President George W. Bush launched the current wave of elective global war (with Senator Joe Biden’s help). President Obama expanded those wars. Under President Trump, war profiteers (James Mattis and Mark Esper) ran the Pentagon and the U.S. dropped a record amount of ordnance overseas. Under President Biden, another war profiteer — retired general and ex-Raytheon director Lloyd Austin — runs the Pentagon and the wars continue, including the recent bombing of Syria and Somalia, surprising some. But U.S. aggression is no shocker. Harming other countries is evidence of the military-industrial-congressional complex (MIC) functioning as designed — and it’s neither intended to, nor actually, improving American security.

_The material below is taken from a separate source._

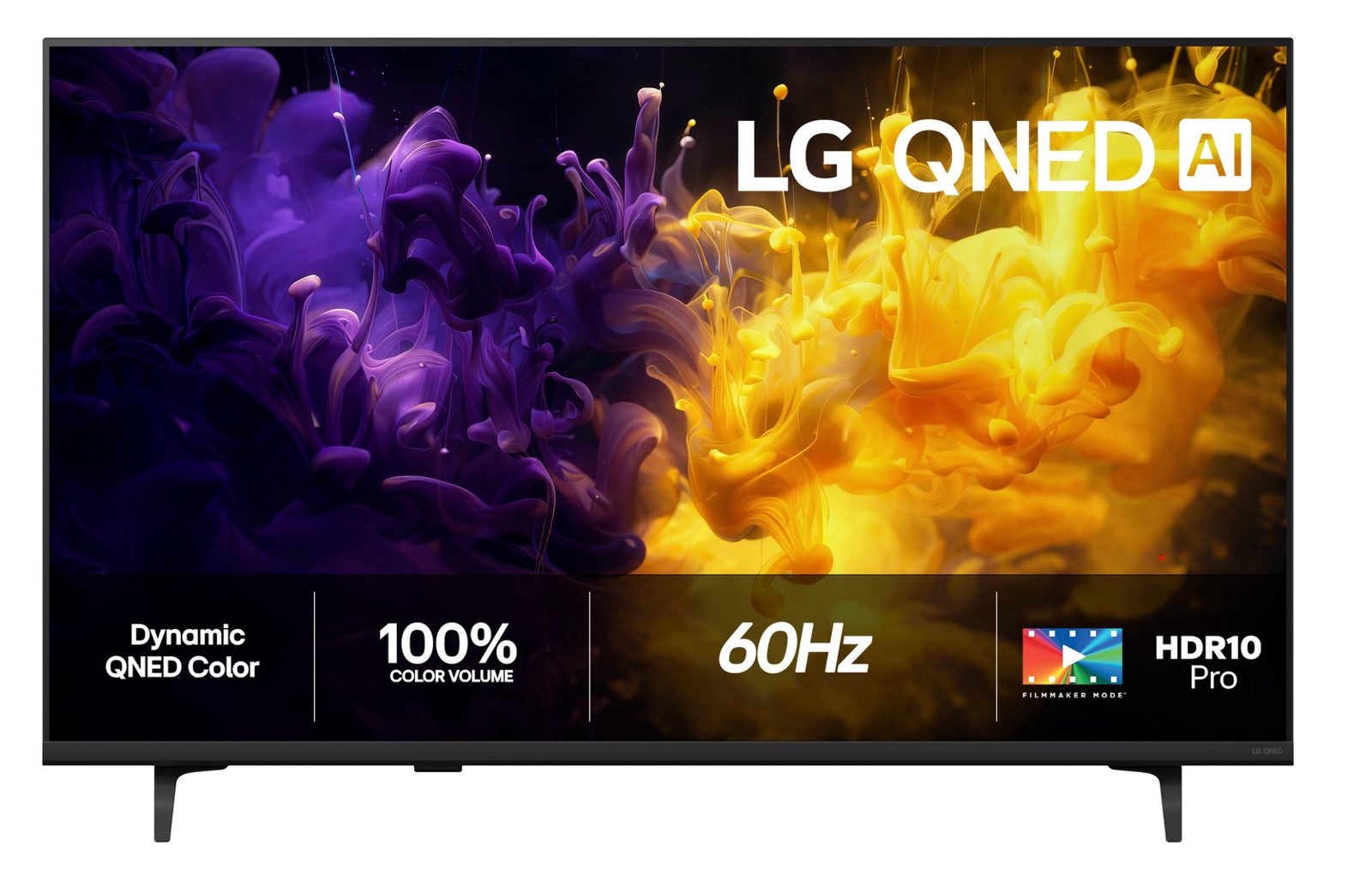 LG 43" 43QNED70B6C / 4K / QNED / 60Hz / Smart Tv (2026), bild 2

The MIC is an insulated authority consisting of the U.S. military establishment, headquartered in the Pentagon; the war industry, the corporations that market and sell goods and services to the U.S. military and allied governments; and Capitol Hill, the elected representatives who fund the military and pass legislation abetting the war industry. This triad creates a permanent warfare state which helps cause our endless wars.
Few people inside the MIC recognize the gravity of the situation — that funneling so much money toward the permanent warfare state actually harms U.S. security by draining manpower and time, distorting research and development, and forestalling social care — but most fear the consequences of speaking up.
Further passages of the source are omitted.